Global Aerospace Editorial Team, February 4, 2020
Aerospace Manufacturer Insurance, Claims, Insurance Products

It is all well and good to put a tough face on what appears, at the outset, a winnable lawsuit. For experienced litigators, however, the vagaries of the U.S. judicial system are matters to contend with. Each state has its own laws and procedures, each court has its own rules and, most importantly, every jury is different from the last and each individual juror is unique.

Therefore, as we begin our journey to defend the lawsuit, we must always be mindful of the twists and turns of litigation: surprise witnesses, adverse rulings and unhelpful documents. Although it is a statement of the obvious, the only way to put on a successful defense or to come to a successful resolution before trial is to be prepared.

Litigation Management

The receipt of a Summons and Complaint is a routine event for some and for others a first-time experience. In either case, there are general steps that should be taken. At Global Aerospace, we have developed an outline of how we, in partnering with our clients, manage litigation.

At the onset, we believe in collaboration with the insured, insurer, retained counsel and broker. Under the common interest doctrine, we are able to share ideas, strategies and reserve information while allowing us to preserve confidentiality. We work as a team to set forth a course of action from date of service to the ultimate resolution—by settlement or verdict—of the lawsuit.

Although many times we would like to try the case until verdict, the risks of trial must be carefully assessed. At the outset, the defendant must establish a Litigation Hold that advises the relevant employees of the pending litigation with instructions not to destroy documents or any relevant data. Early retention of defense counsel with expertise in the matter is critical for early evaluation and protection of privilege.

A common pitfall in litigation is the late discovery of documents and witnesses that may have an adverse effect on the defense. Therefore, it is incumbent upon the defendant to self-discover, i.e., to know the documents, identify the company witnesses and understand the pros and cons of the defense.

Assessing the Landscape and Evaluating Our Defense

Understanding the relevant legal landscape requires the defense team to identify key issues in order to evaluate the chances of success or early resolution. Considerations include: jurisdiction, state or federal court, codefendants, choice of law analysis, joint and several liability (a finding of 1% liability exposes us to 100% payment) and pre-judgment and post-judgment interest (this varies by state and can be as high as 12%).

In evaluating liability and damages, a mock jury or a focus group is a great resource.

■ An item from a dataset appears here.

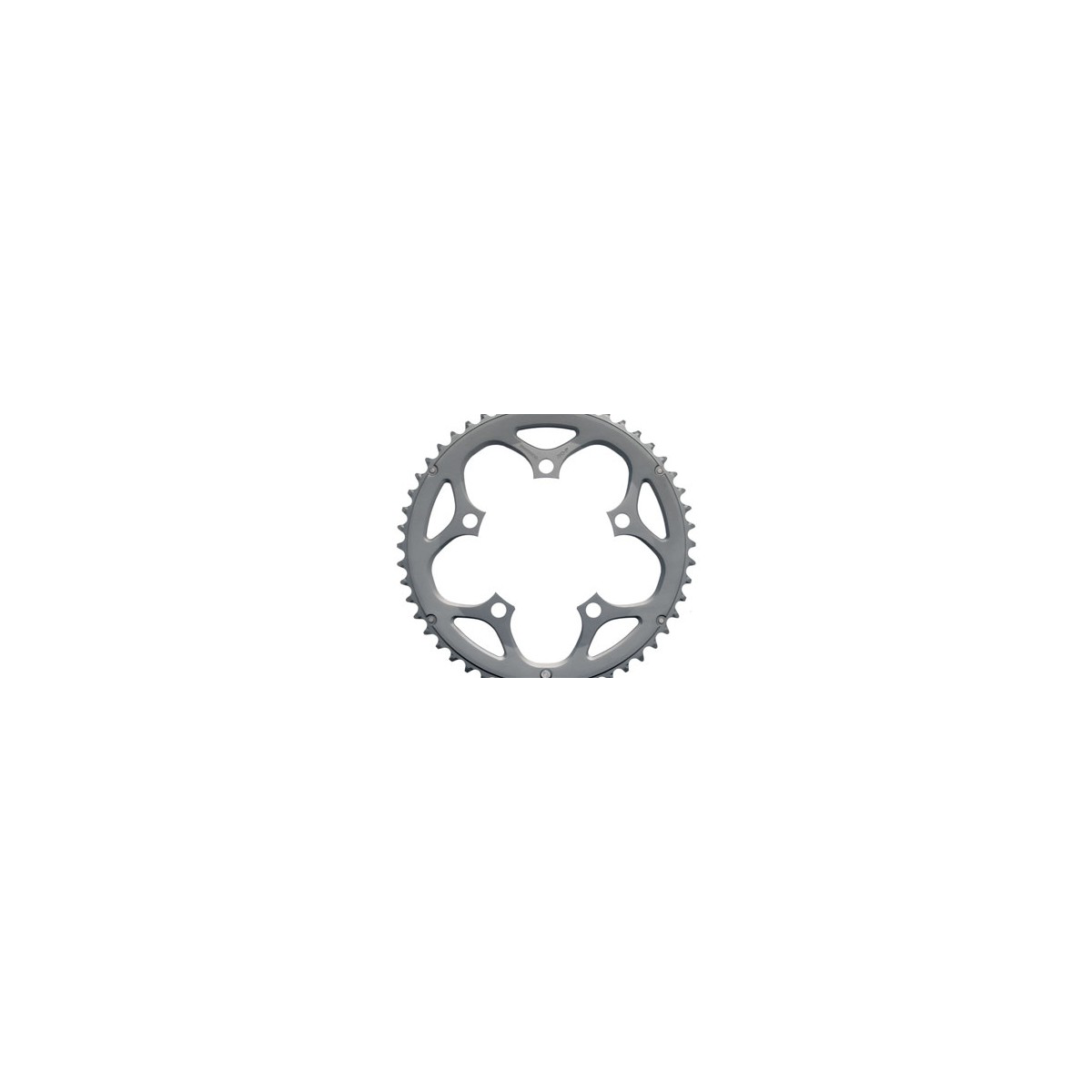Tiagra FC-4550 chainring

In these exercises, lay people from the same or similar backgrounds of the eventual jury pool are presented with both the plaintiff and defense arguments and witnesses. We learn what jurors think of our defense, our witnesses and our counsel. Most importantly, mock jurors are asked to award damages. If punitive damages are alleged, a mock trial gives us the ability to assess the amount, if any, jurors are willing to award.

Other Costs to Consider

Consideration must be given to the possibility of appeal, regardless of which party prevails. The cost of an appeal includes appellate counsel fees, interest on the verdict and a bond on the verdict as well as the amount of time in months or years before a decision is rendered.

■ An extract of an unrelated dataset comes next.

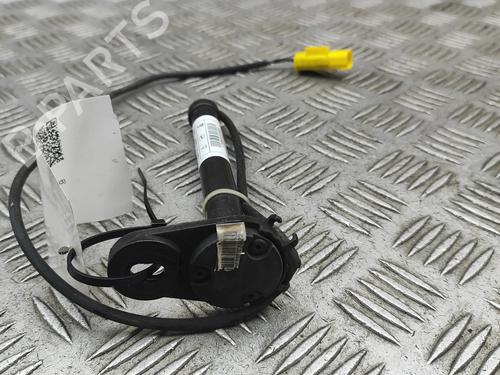 Electronic module MERCEDES-BENZ EQB (X243) EQB 350 4-matic (243.612) | BP32459437M83 - Image 4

With these factors in mind, we must be open to possible settlement opportunities either by mediations or informal meetings. If the defense is well prepared, this puts us in the best position for a favorable settlement. Not a cent for tribute may be a reasonable reaction to being sued, but the fact is that millions spent for defense does not guarantee a favorable verdict. Case resolution may be the most successful outcome.